Colorado Legislature Orders Audit of the State’s 17 Nonprofit Community Mental Health Centers – by Jan Wondra

As early as today, March 22, Colorado’s Legislative Audit Committee could see the state auditor’s first bill that would authorize the investigation of the 17 nonprofit community mental health centers in the state. State, which together represent the State’s approach to mental health. to residents of Colorado. For the past 60 years, each has been granted “non-compete contracts and preferred rate status”, critics say, “without meaningful oversight”.

In January 2022, reps Dafna Michaelson Jenet, (D-Aurora) and Colin Larson (R-Littleton), and the senses. Robert Rodriquez (D-Denver) and Julie Gonzales (D-Denver), who are all members of the audit committee, met to demand an audit of operations. Their decision does not happen in a vacuum.

The audit bill was ordered after months of investigative reporting by several members of the Colorado News Collaborative (COLab), including Voice of the Valley of the Ark is a member. In December, COLab reported that centers “collectively treated fewer clients during the pandemic than before, despite skyrocketing mental health needs.”

At that time, the Colorado Behavioral Healthcare Council, which advocates for community clinics statewide, came forward saying it believed an audit of activity in all 17 regions was warranted and, in a letter to Governor Jared Polis, requested that the state conduct such an audit.

The Colorado News Collaborate report found that while the need for mental health services has increased dramatically, “more than half of centers are sitting on liquid reserves of $10 million or more. The Denver center kept more than $40 million in cash reserves while its customers faced record wait times for care.

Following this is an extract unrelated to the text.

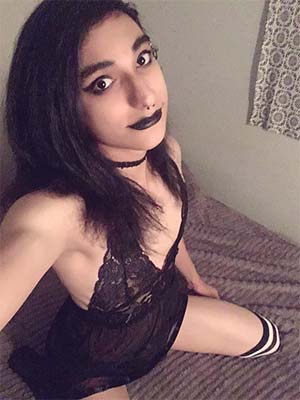 Jeune tgirl gothique nouvellement sur Marseille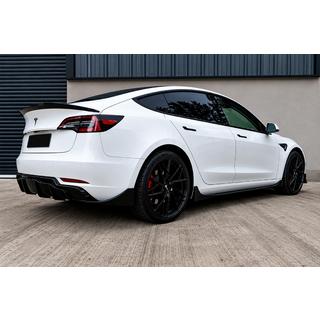 Prahové lišty Fast (pre 2021+) Tesla Model S 2012– fotografia 2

Within this region, the four-county area served by Solvista Health includes Chaffee, Fremont, Lake and Custer counties. By the end of the year, CEO Brian Turner reported that Solvista Health had served more than 5,300 people, but he tracked that to a 96% increase from 2017, not 2021.

Construction continues with workers handling equipment outside the Solvista Health Assessment Center building on the HRRMC campus in January. Photograph by Dan Smith.

Among the findings of several mental health care providers revealed in COLab’s survey work:

  • While certainly not intended, the state payment system has actually created a financial incentive for centers to accept fewer sick people and charge higher costs, while protecting them from competition.
  • Many of these providers appear to charge the state significantly more for treating Medicaid patients (which they are required to do by law); up to 17 times more than independent providers for the same Medicaid patient services. But there has been very little transparency as to why the rates for these mental health providers are so much higher, or summaries of the providers returned that would explain significantly higher rates.
  • Some of the centers have been contracted for services they have not yet provided; money on the table that seems to do – nothing – except for the profit margins of the nonprofits that received the funding.
  • Many mental health care providers have had no Spanish-speaking care providers, even when contracted to serve populations with high rates of Spanish speakers. This includes Sol Vista, who admitted in a December 2021 interview with Voice of the Valley of the Ark that it has yet to meet its own expectations for serving Spanish-speaking customers in its service area, particularly in Lake County.

The audit overlaps with another state action: Colorado is in the process of authorizing a new Behavioral Health Administration (HB 1278) that is supposed to centralize the many overlapping areas of mental health oversight into a transparent and more organized. Also this week, lawmakers will consider the first of several bills that could authorize the spending of $450 million in US federal dollars on behavioral health, which would stem from the COVID-19 pandemic.

Editor’s Note: The Colorado News Collaborative, including Voice of the Valley of the Ark is a member, spent several months doing investigative reporting on the 17 nonprofit mental health centers that make up Colorado’s approach to providing mental health services to Colorado residents. The image shown identifies the 17 regions.